Endogenous opioids modulate fetal rabbit lung maturation

Abstract

To test the hypothesis that endogenous opioids modulate fetal lung development, separate groups of pregnant rabbits received daily injections of saline, morphine (1 mg/kg body wt), or the opioid antagonist naloxone (0.4 and 5.0 mg) for 10 days during their last trimester of pregnancy. The corresponding groups of fetuses were then delivered prematurely on day 28 of gestation (term approximately 31 days) and evaluated with respect to differences in body weight, lung weight, and the ratios of wet to dry lung weight and lung dry weight to body weight, the static inflation and deflation air and saline pressure-volume (P-V) characteristics of the lungs, and lung morphology. Mean values for body weight, lung weight, and the ratios of lung wet to dry weight and lung dry weight to body weight were not significantly different among the saline control (C), morphine (M)-, and naloxone (NLX)-treated fetuses.
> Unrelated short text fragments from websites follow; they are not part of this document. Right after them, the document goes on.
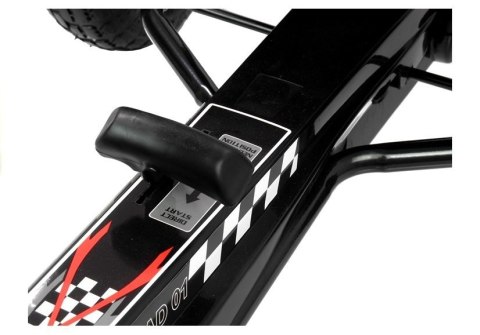 GOKART CZARNY A-15 POMPOWANE KOŁA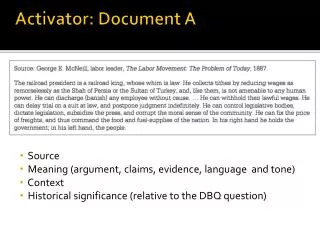 Activator: Document A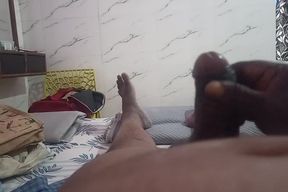 55 yrs indian dick getting ready to fuck pussy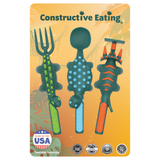 Set of 3 Dino Utensils: Pink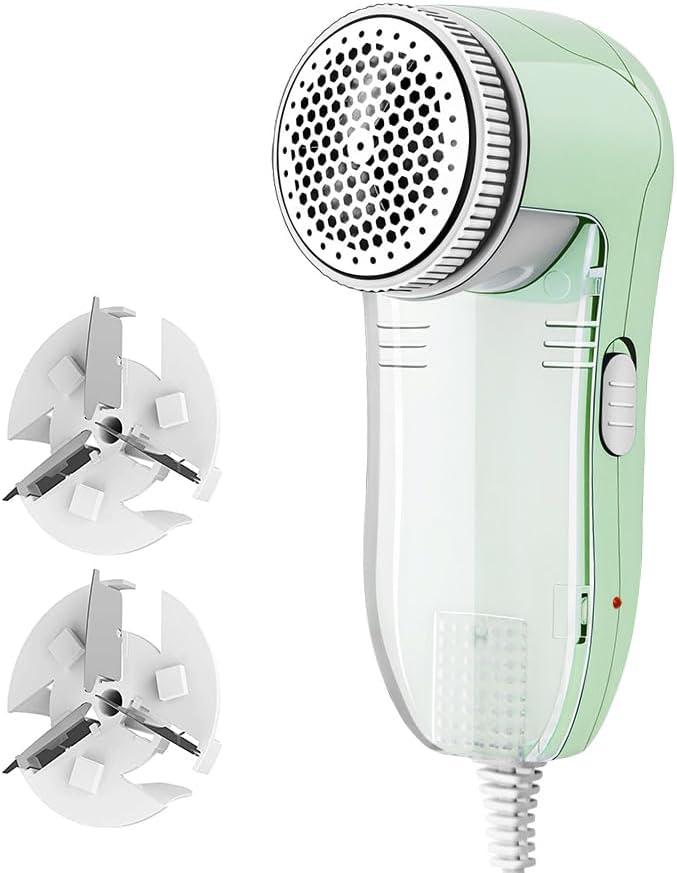 Fabric Shaver, Fuzz Balls Pills Lint Remover, AC120V Plug and Play (Honeydew Mint Green)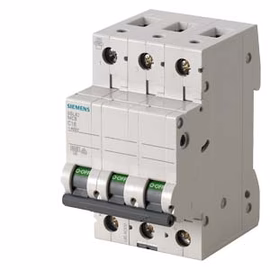 Siemens 5SL63107RC 10 A Three Pole MCB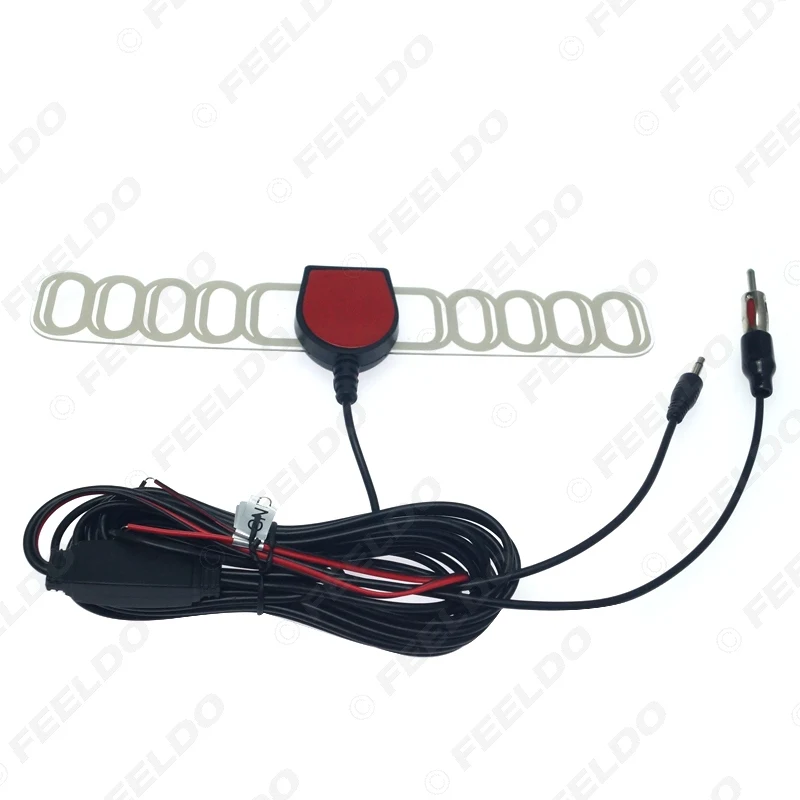 1Set Car 2IN1 TV/FM TV Antenna Radio Antenna With Amplifier Booster #FD-892
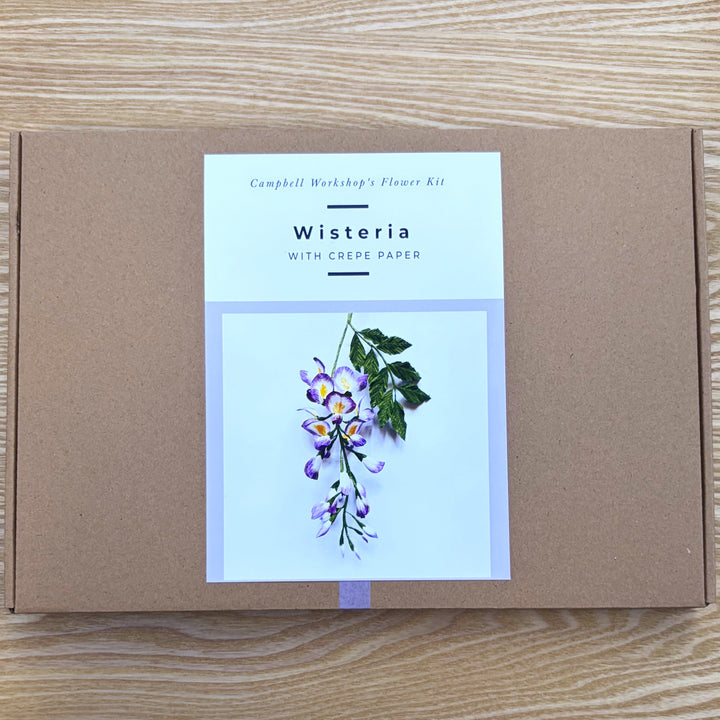 Campbell Workshop Paper Flower Craft Kit - Wisteria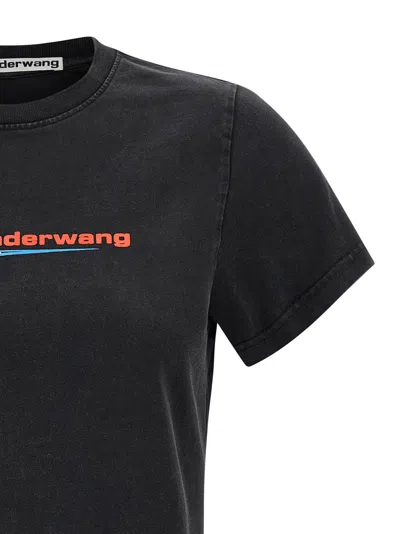 Alexander Wang Shrunken T-shirt In Black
On the other hand, the fetal air P-V curves varied significantly (P less than 0.001), wherein the M-treated group depicted increased lung distensibility and alveolar stability on lung deflation, whereas the opposite was obtained in the NLX-treated fetuses. Moreover, morphometric analyses demonstrated that the mean alveolar air space-to-tissue ratio in lungs from M-treated fetuses were significantly greater than that observed either in C or in NLX-treated fetuses (P less than 0.05); however, the air space-to-tissue ratio did not significantly vary between the C and NLX-treated animals. These observations provide new evidence that endogenous opioids enhance fetal lung maturation.